The U.S. Conference of Mayors, meeting in Orlando, Florida, on Saturday unanimously endorsed “parent trigger” laws aimed at bypassing elected school boards and giving parents at the worst public schools the opportunity to band together and force immediate change.
Mayor Taveras, it’s worth noting, is part of the U.S. Conference of Mayors and a member of the Jobs, Education and the Workforce committee.
Parent trigger laws, popular with education budget hawks, allow parents to wrest control of public school from elected officials and either shut them down or outsource operations to a private charter school company. Lately, such laws have caused controversy in California and there’s a new movie about the concept, in the same vain as Waiting for Superman coming out in the near future. The parent trigger act is piece of ALEC model legislation (cached ALEC doc). RI Future correspondent Aaron Regunberg wrote about parent trigger laws this weekend for GoLocalProv.

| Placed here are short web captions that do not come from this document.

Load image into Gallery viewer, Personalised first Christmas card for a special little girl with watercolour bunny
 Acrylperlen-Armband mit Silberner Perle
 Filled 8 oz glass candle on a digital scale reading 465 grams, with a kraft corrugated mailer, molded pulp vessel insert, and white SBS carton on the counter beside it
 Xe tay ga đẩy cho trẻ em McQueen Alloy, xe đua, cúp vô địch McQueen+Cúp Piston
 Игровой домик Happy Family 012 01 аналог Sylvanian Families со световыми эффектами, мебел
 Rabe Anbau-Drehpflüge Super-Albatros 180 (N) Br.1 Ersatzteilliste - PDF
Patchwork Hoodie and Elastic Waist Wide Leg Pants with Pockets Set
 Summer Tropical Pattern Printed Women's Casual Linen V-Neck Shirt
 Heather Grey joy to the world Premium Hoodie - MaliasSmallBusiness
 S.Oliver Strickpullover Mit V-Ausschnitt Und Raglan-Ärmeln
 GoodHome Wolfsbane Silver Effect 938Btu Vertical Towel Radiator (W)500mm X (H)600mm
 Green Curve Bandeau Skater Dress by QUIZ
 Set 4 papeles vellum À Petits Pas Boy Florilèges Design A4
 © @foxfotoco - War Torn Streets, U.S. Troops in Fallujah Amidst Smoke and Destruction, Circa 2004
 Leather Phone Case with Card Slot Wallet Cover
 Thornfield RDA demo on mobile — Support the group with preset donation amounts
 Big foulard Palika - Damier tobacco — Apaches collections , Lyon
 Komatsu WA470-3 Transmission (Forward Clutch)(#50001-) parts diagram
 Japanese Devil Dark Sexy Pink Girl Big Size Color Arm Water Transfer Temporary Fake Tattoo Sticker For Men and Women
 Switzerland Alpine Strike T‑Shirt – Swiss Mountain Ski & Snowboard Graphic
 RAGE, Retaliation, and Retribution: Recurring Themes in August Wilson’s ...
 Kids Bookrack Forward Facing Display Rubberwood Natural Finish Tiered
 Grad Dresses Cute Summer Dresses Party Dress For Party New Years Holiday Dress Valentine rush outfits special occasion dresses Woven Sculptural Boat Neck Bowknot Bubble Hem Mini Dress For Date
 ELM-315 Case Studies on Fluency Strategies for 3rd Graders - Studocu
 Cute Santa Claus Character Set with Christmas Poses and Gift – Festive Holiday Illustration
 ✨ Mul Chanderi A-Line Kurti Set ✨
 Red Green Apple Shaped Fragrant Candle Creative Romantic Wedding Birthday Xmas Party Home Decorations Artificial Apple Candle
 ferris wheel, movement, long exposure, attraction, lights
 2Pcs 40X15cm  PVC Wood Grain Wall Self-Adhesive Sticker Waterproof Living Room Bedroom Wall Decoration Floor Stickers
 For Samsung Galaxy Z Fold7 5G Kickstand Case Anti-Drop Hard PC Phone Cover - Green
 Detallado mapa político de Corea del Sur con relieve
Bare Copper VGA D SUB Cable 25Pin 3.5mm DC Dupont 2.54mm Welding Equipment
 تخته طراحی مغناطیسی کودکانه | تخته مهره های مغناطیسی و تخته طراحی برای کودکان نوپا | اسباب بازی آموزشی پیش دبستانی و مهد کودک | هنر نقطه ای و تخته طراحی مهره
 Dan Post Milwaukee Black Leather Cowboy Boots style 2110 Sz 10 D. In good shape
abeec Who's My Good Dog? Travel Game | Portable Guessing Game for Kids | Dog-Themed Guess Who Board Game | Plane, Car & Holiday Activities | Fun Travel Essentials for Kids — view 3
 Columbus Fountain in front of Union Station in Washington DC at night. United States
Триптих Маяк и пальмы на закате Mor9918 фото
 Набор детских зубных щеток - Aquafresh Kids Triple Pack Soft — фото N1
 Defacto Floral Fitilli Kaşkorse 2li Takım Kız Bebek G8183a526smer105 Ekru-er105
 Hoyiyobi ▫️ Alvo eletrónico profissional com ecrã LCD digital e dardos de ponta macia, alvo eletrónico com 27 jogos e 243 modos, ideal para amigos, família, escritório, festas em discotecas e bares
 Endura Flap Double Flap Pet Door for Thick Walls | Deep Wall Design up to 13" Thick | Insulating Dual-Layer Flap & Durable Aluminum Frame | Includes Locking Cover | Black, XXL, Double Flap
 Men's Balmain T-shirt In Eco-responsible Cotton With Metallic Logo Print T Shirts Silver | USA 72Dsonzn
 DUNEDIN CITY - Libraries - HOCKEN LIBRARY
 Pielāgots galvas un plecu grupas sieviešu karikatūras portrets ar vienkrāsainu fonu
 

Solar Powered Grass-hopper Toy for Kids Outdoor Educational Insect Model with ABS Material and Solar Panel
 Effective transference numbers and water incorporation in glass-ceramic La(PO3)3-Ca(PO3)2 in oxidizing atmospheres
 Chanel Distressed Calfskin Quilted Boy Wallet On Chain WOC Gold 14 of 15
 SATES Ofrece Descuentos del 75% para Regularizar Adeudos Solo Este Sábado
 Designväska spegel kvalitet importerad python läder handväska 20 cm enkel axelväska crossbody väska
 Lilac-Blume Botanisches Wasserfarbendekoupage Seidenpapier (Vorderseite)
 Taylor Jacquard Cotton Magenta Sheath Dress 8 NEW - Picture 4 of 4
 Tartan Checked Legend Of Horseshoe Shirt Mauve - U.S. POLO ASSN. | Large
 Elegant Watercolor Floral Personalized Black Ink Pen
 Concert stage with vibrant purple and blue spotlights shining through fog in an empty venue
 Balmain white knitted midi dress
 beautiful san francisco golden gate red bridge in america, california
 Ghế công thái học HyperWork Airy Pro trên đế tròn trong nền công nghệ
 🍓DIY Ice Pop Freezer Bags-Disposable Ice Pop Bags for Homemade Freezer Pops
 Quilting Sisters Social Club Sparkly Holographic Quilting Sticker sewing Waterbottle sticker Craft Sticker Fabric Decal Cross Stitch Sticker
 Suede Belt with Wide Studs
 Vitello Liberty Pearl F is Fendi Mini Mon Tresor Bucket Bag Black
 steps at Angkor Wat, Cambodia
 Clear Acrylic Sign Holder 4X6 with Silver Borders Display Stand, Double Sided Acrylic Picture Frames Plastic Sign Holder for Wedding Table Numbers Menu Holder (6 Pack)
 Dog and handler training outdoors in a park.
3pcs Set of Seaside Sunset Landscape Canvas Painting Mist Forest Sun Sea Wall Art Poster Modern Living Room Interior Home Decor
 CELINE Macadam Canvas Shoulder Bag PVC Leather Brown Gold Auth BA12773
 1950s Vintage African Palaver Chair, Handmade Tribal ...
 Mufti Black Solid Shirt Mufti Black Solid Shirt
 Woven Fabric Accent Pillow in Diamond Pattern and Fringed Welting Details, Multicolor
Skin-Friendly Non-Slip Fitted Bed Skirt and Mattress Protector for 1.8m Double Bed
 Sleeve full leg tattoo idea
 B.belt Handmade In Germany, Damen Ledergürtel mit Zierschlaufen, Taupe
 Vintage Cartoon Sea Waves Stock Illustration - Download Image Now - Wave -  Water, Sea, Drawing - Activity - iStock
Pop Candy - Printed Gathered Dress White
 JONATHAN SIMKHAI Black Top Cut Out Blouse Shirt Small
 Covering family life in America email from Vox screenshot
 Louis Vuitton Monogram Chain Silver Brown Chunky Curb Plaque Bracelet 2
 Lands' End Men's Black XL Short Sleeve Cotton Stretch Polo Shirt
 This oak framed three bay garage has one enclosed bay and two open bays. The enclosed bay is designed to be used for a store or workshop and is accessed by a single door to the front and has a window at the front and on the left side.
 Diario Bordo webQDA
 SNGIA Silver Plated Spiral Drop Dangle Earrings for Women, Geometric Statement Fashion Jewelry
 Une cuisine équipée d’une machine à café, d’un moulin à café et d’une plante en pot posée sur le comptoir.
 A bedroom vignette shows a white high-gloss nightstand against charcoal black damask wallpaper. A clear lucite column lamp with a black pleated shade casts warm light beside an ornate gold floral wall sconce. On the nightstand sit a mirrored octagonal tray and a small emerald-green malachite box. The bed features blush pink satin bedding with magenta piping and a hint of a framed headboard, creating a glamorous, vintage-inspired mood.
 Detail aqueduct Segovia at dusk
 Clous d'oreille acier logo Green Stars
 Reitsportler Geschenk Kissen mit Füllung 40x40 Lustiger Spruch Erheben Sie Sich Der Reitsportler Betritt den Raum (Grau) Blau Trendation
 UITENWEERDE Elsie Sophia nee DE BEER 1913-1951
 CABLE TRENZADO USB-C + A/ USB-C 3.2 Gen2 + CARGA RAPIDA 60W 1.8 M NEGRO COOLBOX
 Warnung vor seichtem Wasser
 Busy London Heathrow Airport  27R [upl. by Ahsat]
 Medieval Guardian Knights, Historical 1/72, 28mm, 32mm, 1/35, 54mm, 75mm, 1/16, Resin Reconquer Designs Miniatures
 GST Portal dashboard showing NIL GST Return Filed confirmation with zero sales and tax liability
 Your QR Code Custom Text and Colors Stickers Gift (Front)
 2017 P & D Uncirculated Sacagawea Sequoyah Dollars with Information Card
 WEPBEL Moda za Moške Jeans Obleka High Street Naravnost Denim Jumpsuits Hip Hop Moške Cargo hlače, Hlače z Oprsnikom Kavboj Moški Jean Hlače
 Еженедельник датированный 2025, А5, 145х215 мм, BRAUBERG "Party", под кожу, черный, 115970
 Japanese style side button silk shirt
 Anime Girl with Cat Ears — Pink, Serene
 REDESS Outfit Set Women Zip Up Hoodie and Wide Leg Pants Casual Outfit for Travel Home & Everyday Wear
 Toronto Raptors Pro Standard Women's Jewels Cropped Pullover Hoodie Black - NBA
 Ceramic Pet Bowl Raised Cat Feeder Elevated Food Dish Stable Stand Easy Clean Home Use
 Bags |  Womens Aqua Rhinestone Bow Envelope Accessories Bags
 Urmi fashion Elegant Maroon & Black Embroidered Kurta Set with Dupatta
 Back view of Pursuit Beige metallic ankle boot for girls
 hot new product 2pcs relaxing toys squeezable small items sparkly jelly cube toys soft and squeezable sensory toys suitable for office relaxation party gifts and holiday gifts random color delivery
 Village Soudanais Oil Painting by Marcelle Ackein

Giving parents so much control over a school’s destiny is, frankly, nuts, as Diane Ravitch put it. Parents, of course, don’t own the public schools and more than picnickers own Central Park .
A parent trigger — a phrase that is inherently menacing — enables 51 percent of parents in any school to close the school or hand it over to private management. This is inherently a terrible idea. Why should 51 percent of people using a public service have the power to privatize it? Should 51 percent of the people in Central Park on any given day have the power to transfer it to private management? Should 51 percent of those riding a public bus have the power to privatize it?
Public schools don’t belong to the 51 percent of the parents whose children are enrolled this year. They don’t belong to the teachers or administrators. They belong to the public. They were built with public funds. The only legitimate reason to close a neighborhood public school is under-enrollment. If a school is struggling, it needs help from district leaders, not a closure notice.
Let’s hope this idea receives the reception in Rhode Island it deserves.